* [Task description]:
Working through the entries below, find how many lines include the string "Blue"; give only that number.

* [Source data]:

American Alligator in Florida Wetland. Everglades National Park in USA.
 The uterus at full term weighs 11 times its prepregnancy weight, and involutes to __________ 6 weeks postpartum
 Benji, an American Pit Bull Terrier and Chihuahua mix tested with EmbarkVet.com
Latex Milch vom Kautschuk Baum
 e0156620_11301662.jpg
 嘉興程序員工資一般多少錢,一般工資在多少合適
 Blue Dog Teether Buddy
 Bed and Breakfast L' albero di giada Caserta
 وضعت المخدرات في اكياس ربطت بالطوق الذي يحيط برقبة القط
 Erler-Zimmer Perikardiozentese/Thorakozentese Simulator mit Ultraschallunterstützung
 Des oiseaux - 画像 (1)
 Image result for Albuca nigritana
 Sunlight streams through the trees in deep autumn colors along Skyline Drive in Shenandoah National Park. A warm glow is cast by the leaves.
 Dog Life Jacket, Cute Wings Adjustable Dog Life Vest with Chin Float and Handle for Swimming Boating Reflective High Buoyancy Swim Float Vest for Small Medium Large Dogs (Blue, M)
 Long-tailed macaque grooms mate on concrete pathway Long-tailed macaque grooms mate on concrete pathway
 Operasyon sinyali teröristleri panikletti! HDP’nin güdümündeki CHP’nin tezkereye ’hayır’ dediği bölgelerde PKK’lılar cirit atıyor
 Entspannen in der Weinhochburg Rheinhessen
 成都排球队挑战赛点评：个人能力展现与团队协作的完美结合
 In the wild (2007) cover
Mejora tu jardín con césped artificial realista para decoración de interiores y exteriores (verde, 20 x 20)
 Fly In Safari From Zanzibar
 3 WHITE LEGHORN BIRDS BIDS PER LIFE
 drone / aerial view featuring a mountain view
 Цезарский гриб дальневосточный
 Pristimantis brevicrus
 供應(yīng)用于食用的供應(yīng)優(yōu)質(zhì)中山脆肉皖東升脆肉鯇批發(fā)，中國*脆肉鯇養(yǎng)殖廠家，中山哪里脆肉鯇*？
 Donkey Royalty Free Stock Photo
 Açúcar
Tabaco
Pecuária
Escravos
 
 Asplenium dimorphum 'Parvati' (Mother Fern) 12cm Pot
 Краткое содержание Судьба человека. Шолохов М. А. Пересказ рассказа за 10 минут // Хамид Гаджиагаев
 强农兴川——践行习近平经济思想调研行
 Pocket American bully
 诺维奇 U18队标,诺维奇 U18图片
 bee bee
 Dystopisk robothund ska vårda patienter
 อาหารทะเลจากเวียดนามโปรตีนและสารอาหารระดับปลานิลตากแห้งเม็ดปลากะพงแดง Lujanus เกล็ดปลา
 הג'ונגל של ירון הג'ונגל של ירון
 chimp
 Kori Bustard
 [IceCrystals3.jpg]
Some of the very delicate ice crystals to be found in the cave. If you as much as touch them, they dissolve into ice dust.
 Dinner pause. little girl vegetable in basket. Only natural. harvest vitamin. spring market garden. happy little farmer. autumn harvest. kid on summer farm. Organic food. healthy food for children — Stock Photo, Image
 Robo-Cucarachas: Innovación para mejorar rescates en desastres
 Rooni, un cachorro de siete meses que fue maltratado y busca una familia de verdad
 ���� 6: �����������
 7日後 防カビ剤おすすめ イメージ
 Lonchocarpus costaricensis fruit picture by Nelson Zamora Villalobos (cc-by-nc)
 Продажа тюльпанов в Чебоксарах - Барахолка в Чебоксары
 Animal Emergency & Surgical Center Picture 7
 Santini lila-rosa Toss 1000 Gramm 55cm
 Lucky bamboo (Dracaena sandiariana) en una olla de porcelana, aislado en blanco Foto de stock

* [Your solution]:
2